As noted above, significant dangers involved in discussing cross-cultural differences are overgeneralizing cultural differences and overlooking intracultural differences. It is important to recognize that subcultures exist within larger cultures. Some cultural characteristics may be shared by most Whites, yet Whites raised in poor, rural Appalachia may have different values, mannerisms, and communication patterns than Whites raised in San Francisco. Likewise, middle- and upper-class Blacks of Los Angeles will share certain characteristics with Blacks raised in the blighted areas of south Los Angeles, yet will vary considerably in values, mannerisms, and communication patterns. The same can be said of Asians raised in dense inner-city conclaves versus those who move to smalltown America, or of Utes raised on a reservation far from the urban world compared with Utes raised in the fast pace of a metropolis.

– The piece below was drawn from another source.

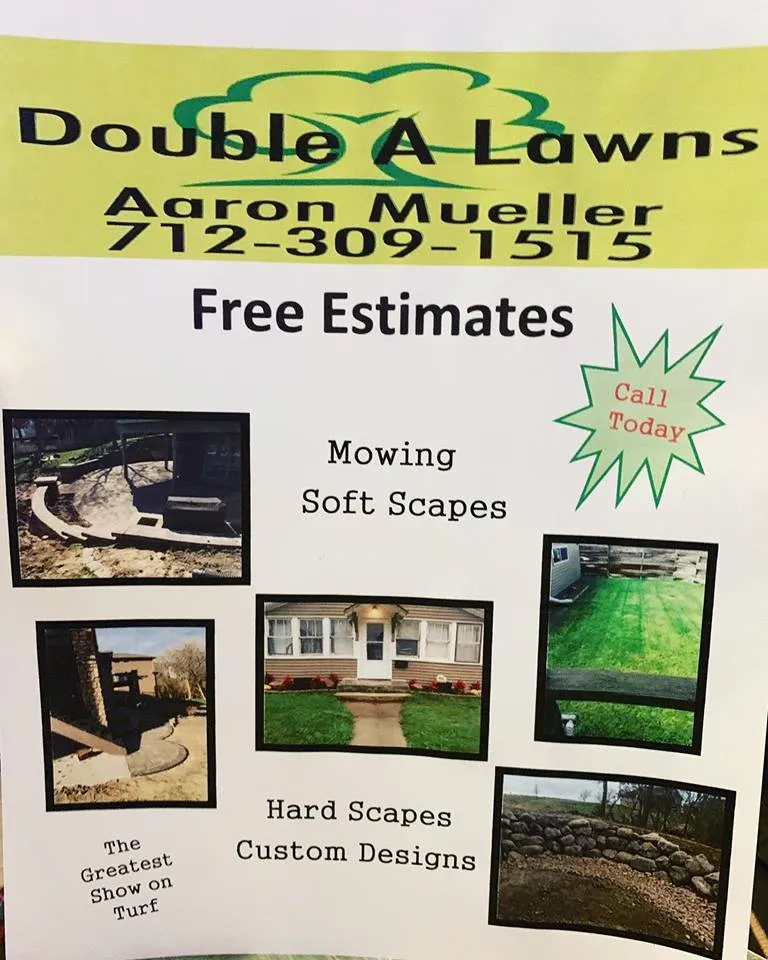 Local garden landscaping in Council Bluffs, IA - Double A Lawns
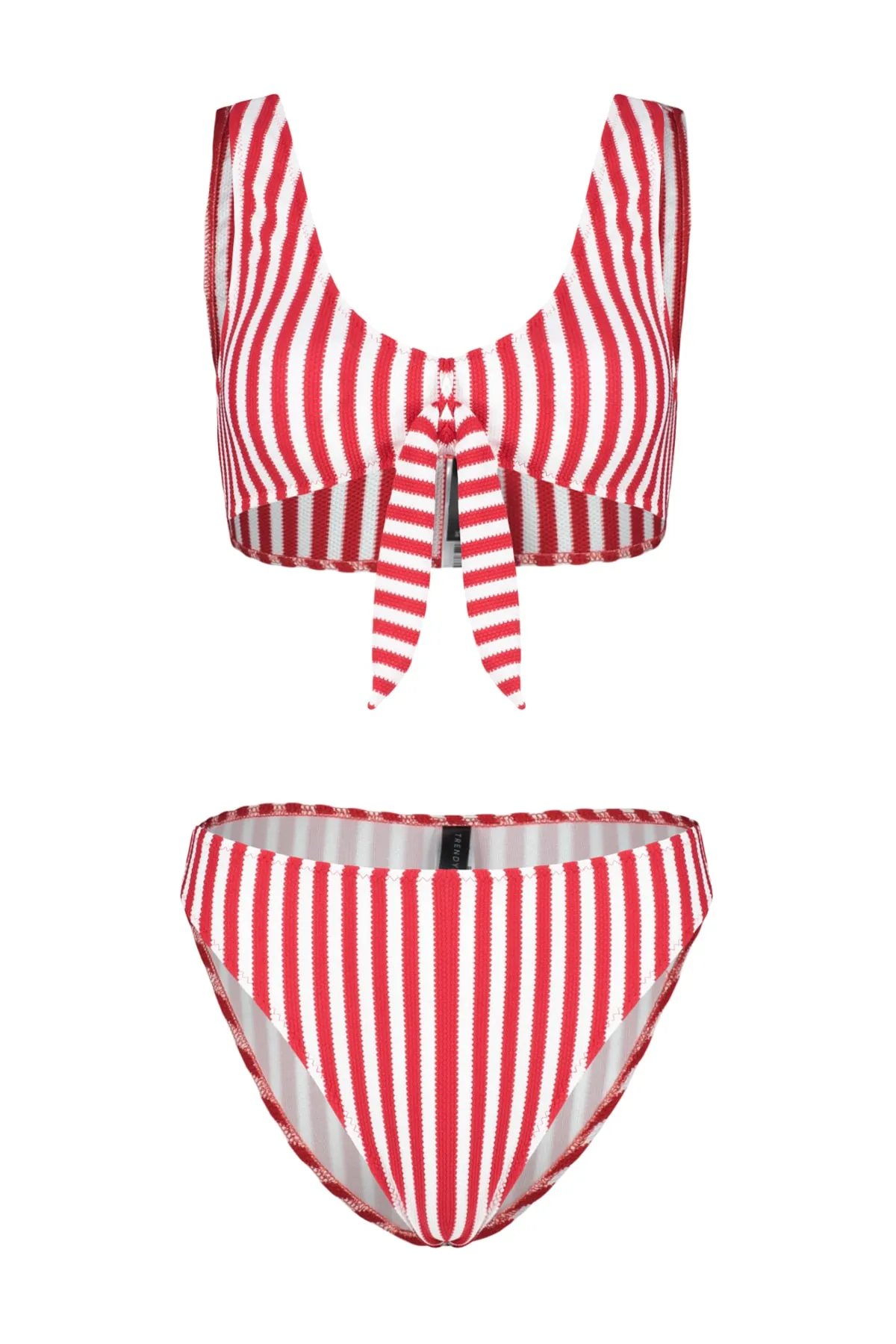 Trendyol Collection  Bikini-Set - Rot - Gestreift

Race, socioeconomic status, ethnicity, gender, religion, sexual orientation, rural or urban residence, and many other defining characteristics shape how an individual views the world and his or her place in that world. These factors influence whether there is a propensity to blame the offender, the victim, or the community for crime and whether participants come to a "justice program" seeking revenge or repair, desiring to act or to be acted upon, or expecting hope or defeat.

Opportunities for restorative justice can only be enhanced when those who work in justice programs make the time and expend the energy to understand cultural differences and related communication problems.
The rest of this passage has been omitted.